Le constat est assez étrange. Voilà probablement au moins cinq ans que je n’ai pas écouté un album de Flanger, et je retrouve ici la griffe de Friedman comme si je ne l’avais jamais abandonnée. Surtout pour ce qui est de la fluidité du mix, sa manière de fusionner certains aspects jazz, dub et des rythmiques très africaines et/ou nippones. Ecouter Flanger de nos jours, et crier au génie sans remettre les choses dans leur contexte relève de la vaste blague. Ne nions pas l’évidence, même si les compositions de Friedman n’ont jamais rien eu de commun avec celles de Kruder & Dorfmeister ou Thievery Corporation, on comprend encore mieux aujourd’hui pourquoi ce genre de sons a pu être qualifié de « lounge » ou de « easy listening ». Fort heureusement, l’allemand s’est considérablement éloigné de ces territoires sonores surponcés. Le gars a évolué dans la confidentialité, et certains jugeront ses nouvelles escapades comme tout sauf anecdotiques. D’autres parleront même de génie…
Parce que putain ça groove (mot/verbe de merde à ne surtout jamais utiliser dans une chronique digne de ce nom) sèchement. Les puristes du jazz n’aimeront pas, comme d’habitude. Car le substrat est ici trempé dans des matières presque psychédéliques, voire hallucinogènes. Même si l’extrême fluidité ici déballée aurait bien mérité quelques aspérités, le potentiel hypnotique de cet album est assez important. Les parties rythmiques sont même assez impressionnantes, même pour les aigris. L’allemand paye son lot de kalimbas et autres percussions étranges, pas toute sorties uniquement de son Korg. Les aspects très binaires, propices à la danse, revêtent d’ailleurs une tenue tribale et parfois presque martiale. C’est beau, et très varié en terme de textures.

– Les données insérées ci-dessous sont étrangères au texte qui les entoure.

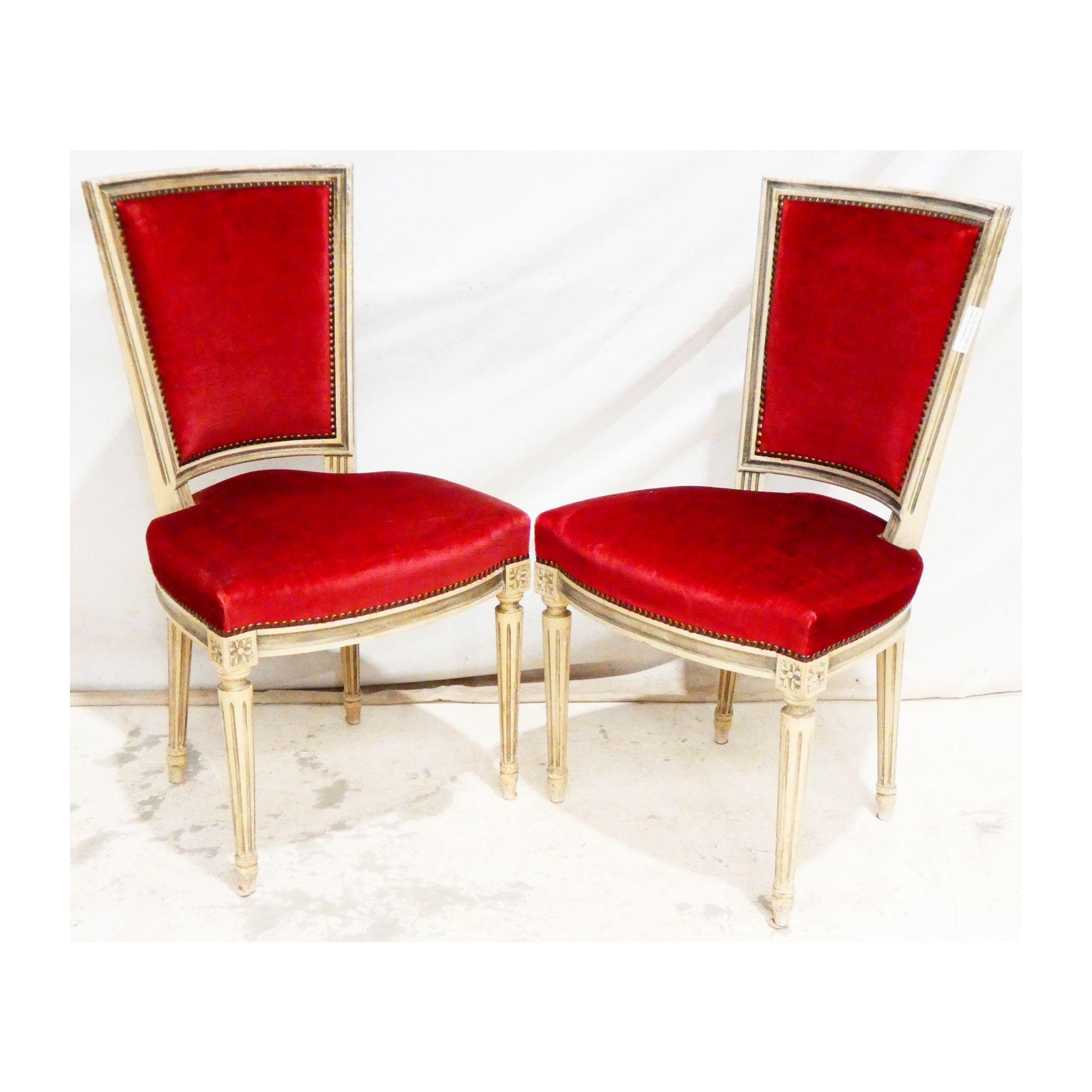 Paire de Chaises de Chambre Style Louis XVI Tapissées Rouge Paire de Chaises de Chambre Style Louis XVI Tapissées Rouge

L’intégration de (faux je pense) cuivres et de (vraies) guitares électriques, sur les excellents Riku Ro, Deku Nobo 2, En Bu 2 et Kon Ki relève même du coup de maître. Tout comme l’apport du sarod, instrument étrange et peu utilisé qui brille de ses mille feux dans le coeur même de cet album. Y a même un moment où on oublie que ça ressemble à du dub ou qu’il y a ici des effluves un peu world. Place aux stigmates sur les voies de la perception. Pour une fois, King Tubby, Lee Perry et Augustus Pablo n’ont pas été volés sans vergogne. (C’est toi, plus ou moins jeune dreadeux crado du Forez que je regarde avec mépris.) Il est ici question de création pure, avec une part forcément très légère laissée au sampling, qui laissera des traces dans l’imaginaire des glorieuses âmes aventureuses.
Déjà sold out (la version vinyle) chez la plupart des mailorders, Zokuhen n’a même pas eu besoin de promotion proprement dite pour se vendre comme des pochons de beuh. Il n’y a nulle part le moindre extrait vidéo ou audio que je puisse vous faire partager, pour un peu plus vous convaincre d’y jeter une oreille. L’écoute intégrale est possible ici. Point donc besoin de recommandation supplémentaire. Que ceux qui pensaient qu’on ne pouvait assimiler et mixer au 21ème siècle les héritages de Funkadelic, Georges Clinton, Lee Perry ou de la famille Kuti se prennent la première pierre. L’occident ne pervertit pas toujours tout ce qu’il touche. Fait suffisamment rare pour être aujourd’hui signalé.